Down the Dnieper, 300 versts from Kyiv, the district city of Kremenchuk has grown since ancient times. Before reaching Kremenchuk, you are greeted by factory chimneys looming from afar and growing to their full size. These are chimneys of tobacco factories in Kremenchuk.
Clouding the sky with smoke, poisoning the air with the spirit of simple tobacco, the Kremenchug factories spread out, and among them, as if lost, stands the VUPLU sawmill, ashamed in front of its neighbors for its inconspicuousness.
Long years of construction have written good pages in the history of the woodworking industry of Ukraine at the VUPLU sawmill in Kremenchuk. A powerful sawmill has grown from a small artisan-type enterprise, which has more than 200 workers in its production.

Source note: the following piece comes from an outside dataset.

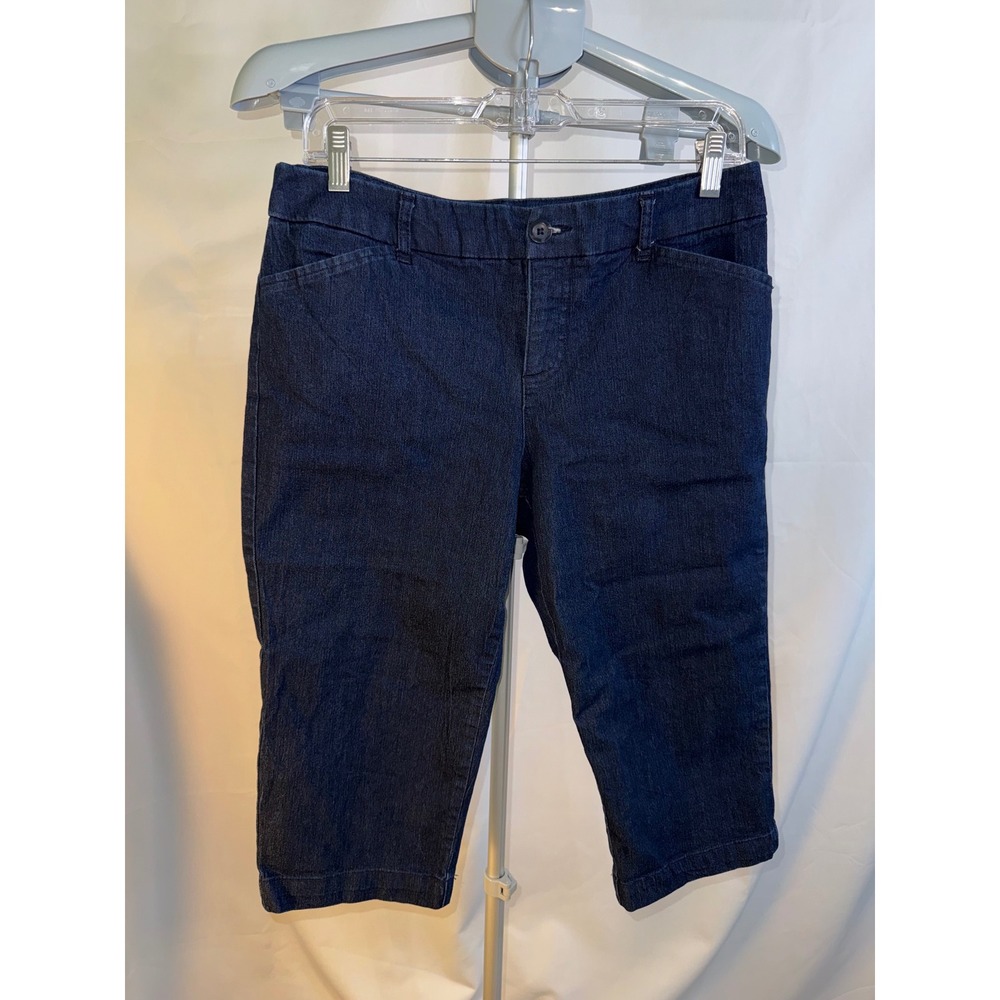 St Johns Bay Womens 10P Dark Wash Denim Capri Pants Petite Indigo Cropped Jeans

Food for the sawmill, driftwood, arrives every year from the upper reaches of the Dnieper. Standing on the shore near the sawmill, you can fondly watch the arrival of rafts of tied logs and freshly cut wood. In your mind, you drift several hundred versts to where the workers, felling the mighty trees of the forest areas, cut off their branches, weave them into rafts and let them down the Dnieper. Hundreds of versts of waterways are crossed by these rafts on the tow of any steamship. Finally they reached their goal. Now they have reached the city pier and the burlaks are pulling them to the sawmill with lines. Looking at them, at their tanned faces, admiring their enormous strength, one remembers the Volga burlaks with bulging healthy breasts, where calluses from rope, hardened by the power of the Dnieper current, are visible. The journey of the wooden logs is over, they are being dragged from the pier to the shore by horses. Here they are piled up, waiting to be processed into boards and other sawdust.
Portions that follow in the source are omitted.